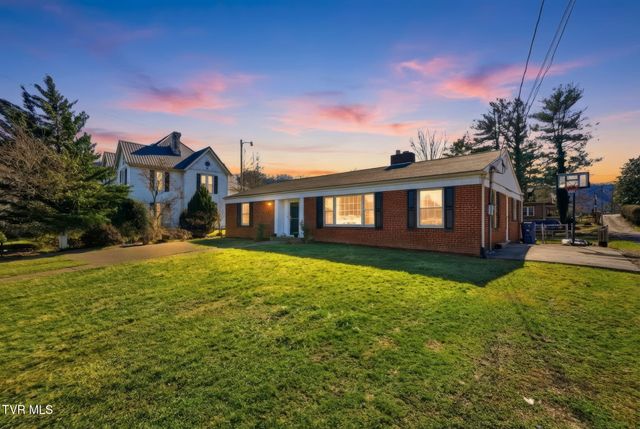 213 Manville Road, Gate City, VA 24251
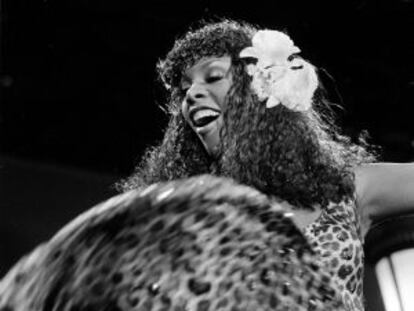 Donna Summer, sometiendo al p&uacute;blico al vuelo de su vestido de leopardo, en una actuaci&oacute;n en Los &Aacute;ngeles, en 1979.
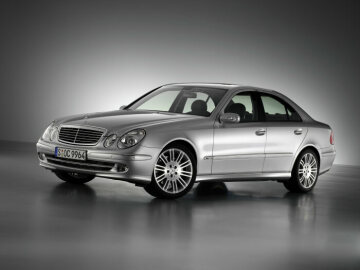 Mercedes-Benz E-Class Saloon and Estate, special "Sport Edition" model (Code P84), model series 211. Available from 14.03.2005 to 14.05.2005 for E 200 Kompressor, E 350, E 350 4MATIC, E 500 and E 500 43 MATIC in the three equipment lines CLASSIC, ELEGANCE or AVANTGARDE. Including Sports package, 18-inch 10-twin-spoke light-alloy wheels painted in sterling silver, metallic paint finish, PARKTRONIC, Audio 50 APS radio. Interior: 4-spoke multifunction sport steering wheel in embossed leather, heated front seats, light-coloured double topstitching in front and rear.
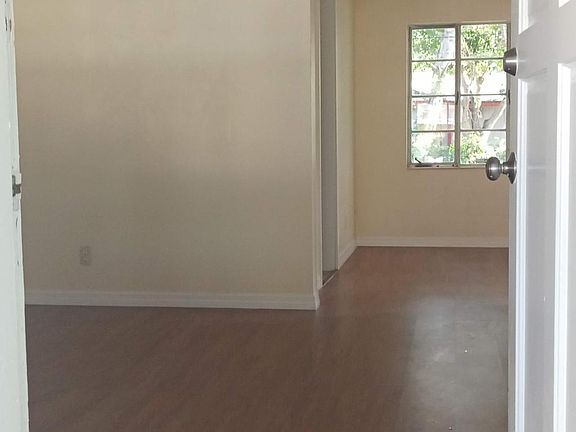 4th image of 1516 25th Ave S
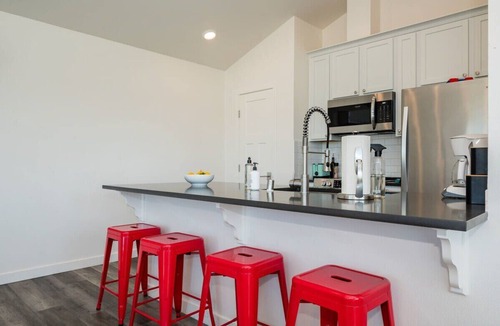 Westside Santa Cruz House | Giant Dipper House near the Boardwalk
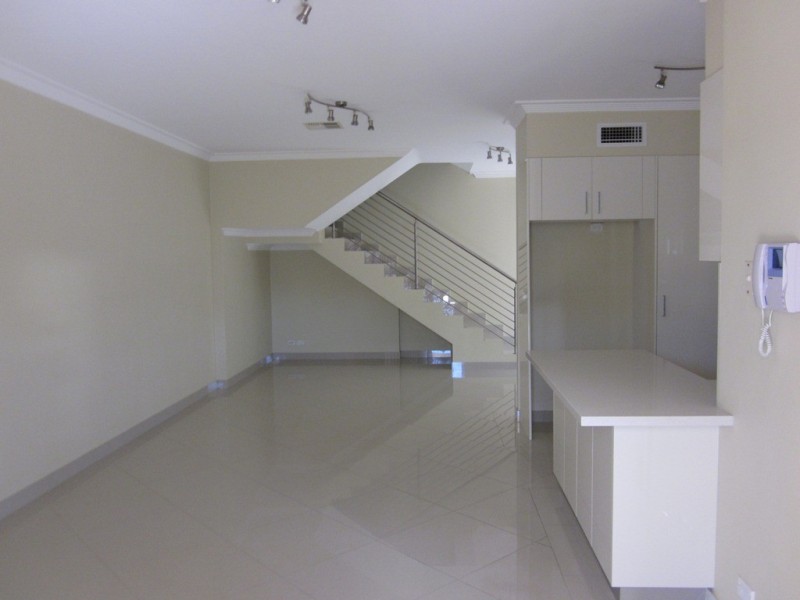 102 Spring Street, Arncliffe NSW 2205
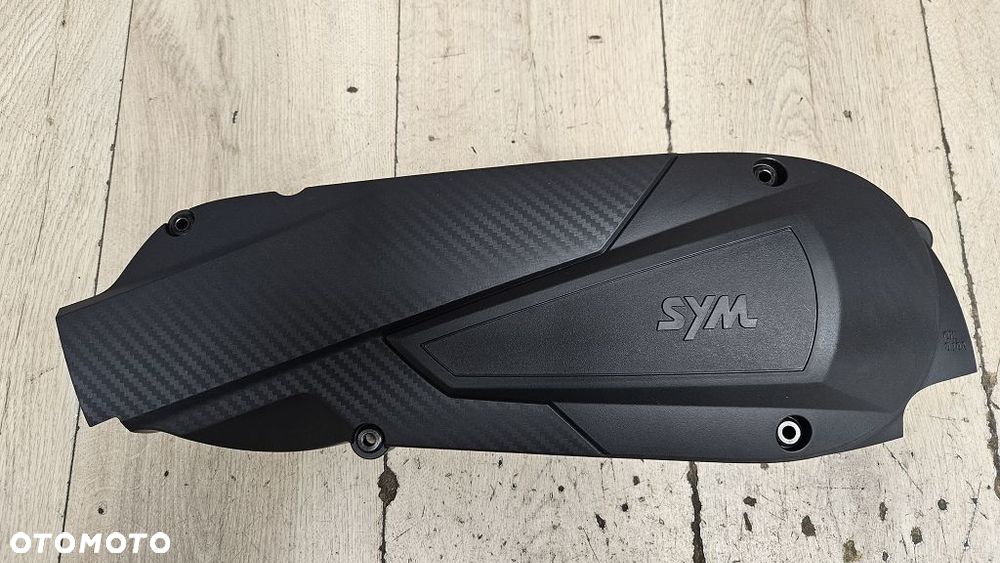 Osłona pokrywa napędu SYM Cruisym 125 / GTS 125i  1135A-L1N-003-KA - 2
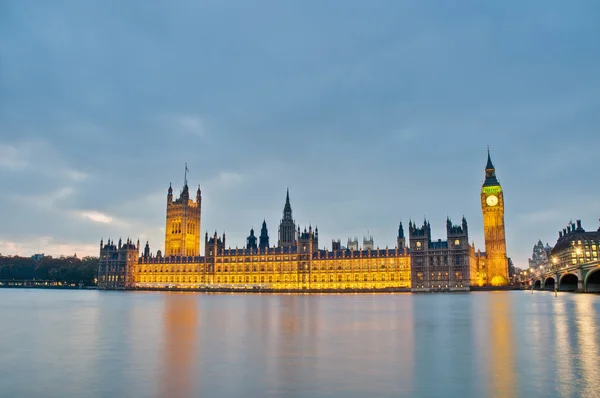 在伦敦，英国议会上下院 — 图库照片
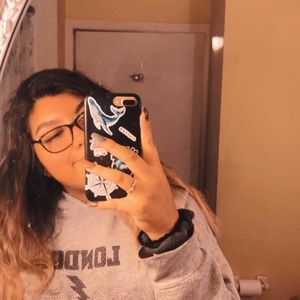 Meet your Posher, Abby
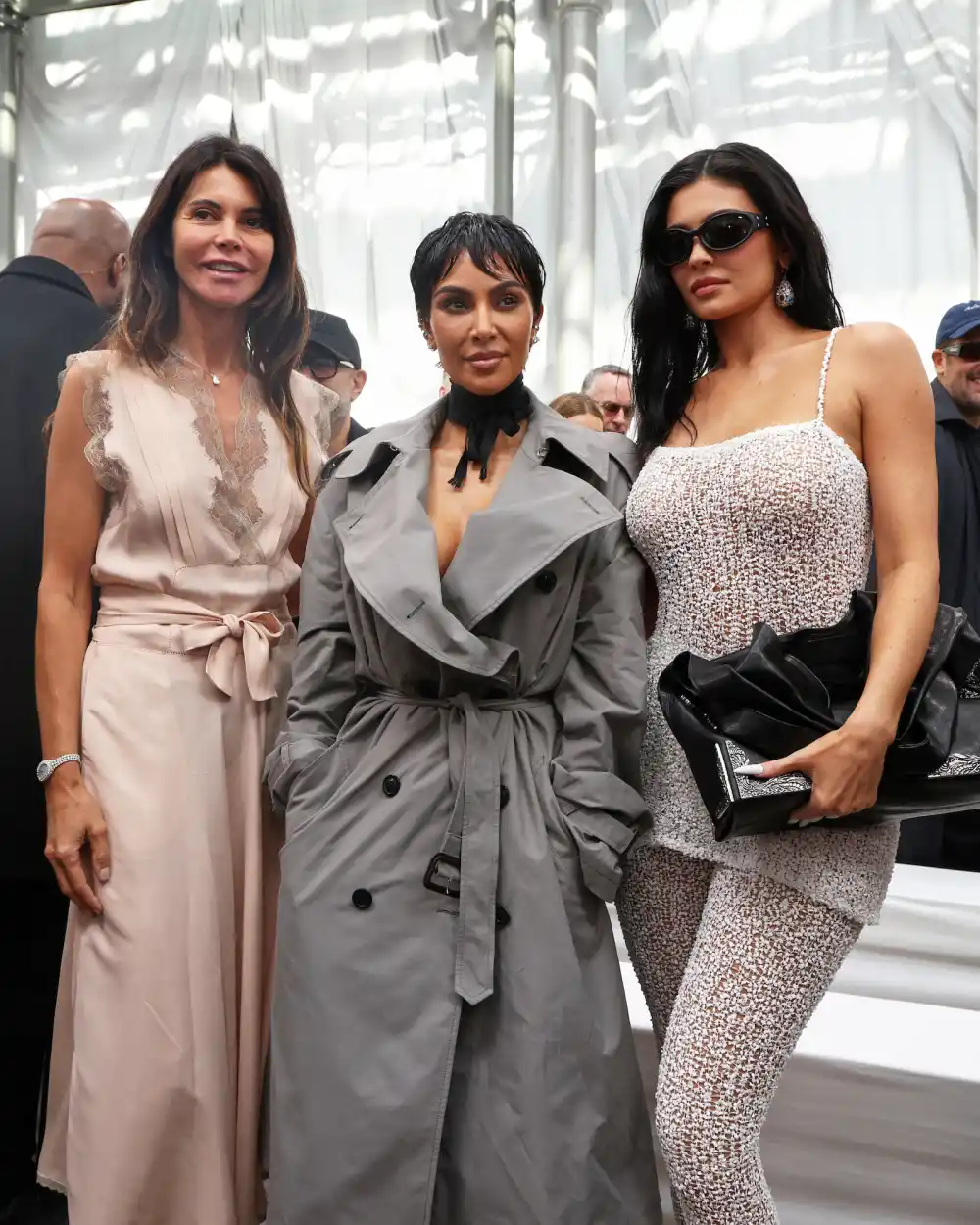 Kim-Kardashian-and-Kylie-Jenner-GettyImages-223913927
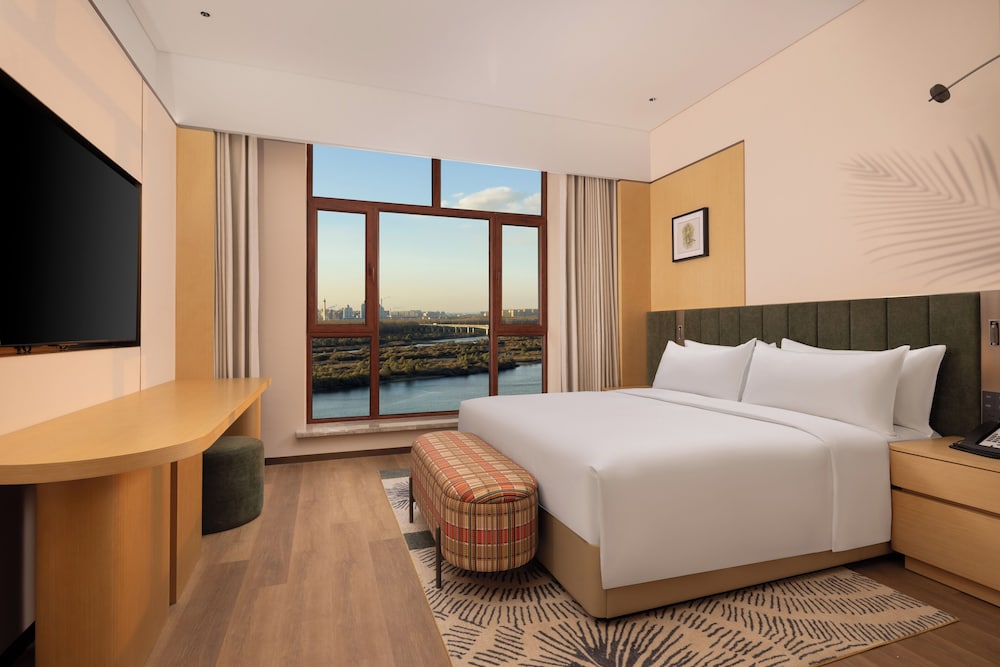 Deluxe Suite, 1 King Bed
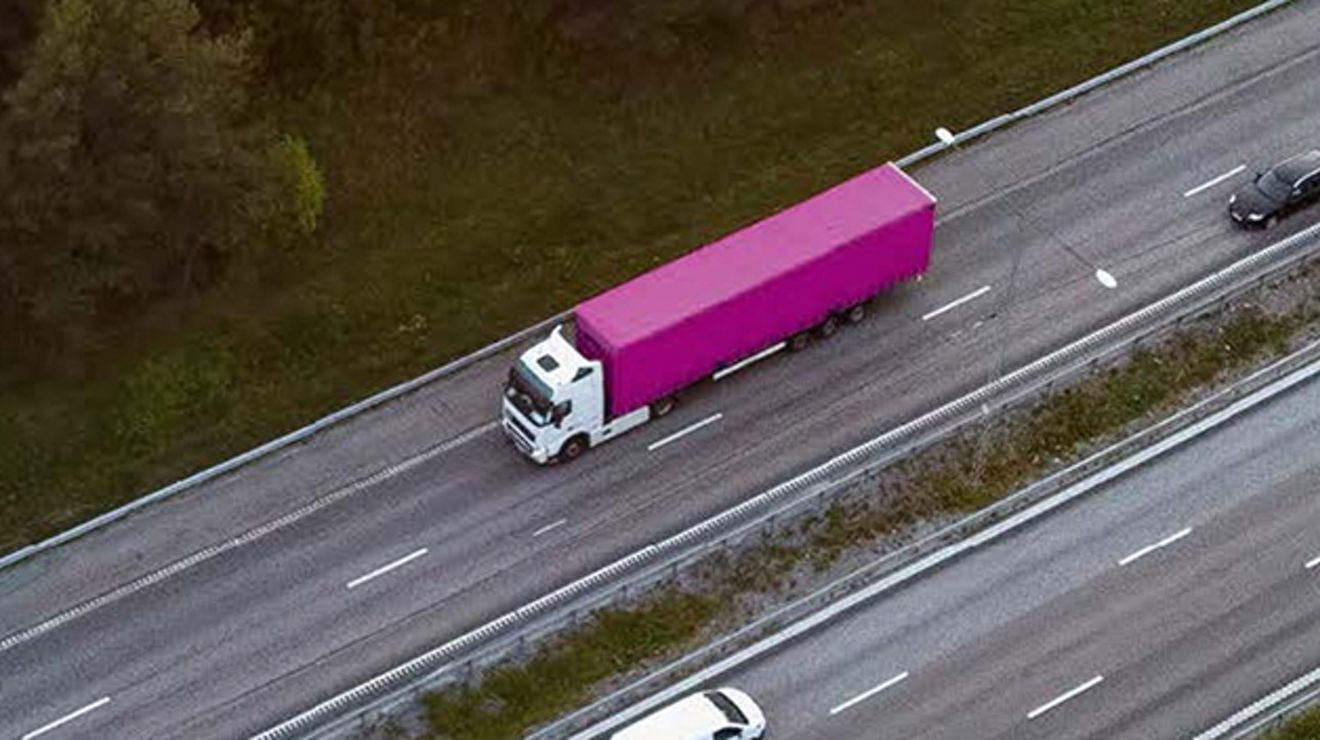Un semirremolque equipado con una solución telemática de gestión de flotas de T-Mobile circulando por una autopista.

Exercise objective:
Return every line above exactly, omitting images.

Response for this exercise:
 213 Manville Road, Gate City, VA 24251
 Donna Summer, sometiendo al p&uacute;blico al vuelo de su vestido de leopardo, en una actuaci&oacute;n en Los &Aacute;ngeles, en 1979.
 Mercedes-Benz E-Class Saloon and Estate, special "Sport Edition" model (Code P84), model series 211. Available from 14.03.2005 to 14.05.2005 for E 200 Kompressor, E 350, E 350 4MATIC, E 500 and E 500 43 MATIC in the three equipment lines CLASSIC, ELEGANCE or AVANTGARDE. Including Sports package, 18-inch 10-twin-spoke light-alloy wheels painted in sterling silver, metallic paint finish, PARKTRONIC, Audio 50 APS radio. Interior: 4-spoke multifunction sport steering wheel in embossed leather, heated front seats, light-coloured double topstitching in front and rear.
 4th image of 1516 25th Ave S
 Westside Santa Cruz House | Giant Dipper House near the Boardwalk
 102 Spring Street, Arncliffe NSW 2205
 Osłona pokrywa napędu SYM Cruisym 125 / GTS 125i  1135A-L1N-003-KA - 2
 在伦敦，英国议会上下院 — 图库照片
 Meet your Posher, Abby
 Kim-Kardashian-and-Kylie-Jenner-GettyImages-223913927
 Deluxe Suite, 1 King Bed
Un semirremolque equipado con una solución telemática de gestión de flotas de T-Mobile circulando por una autopista.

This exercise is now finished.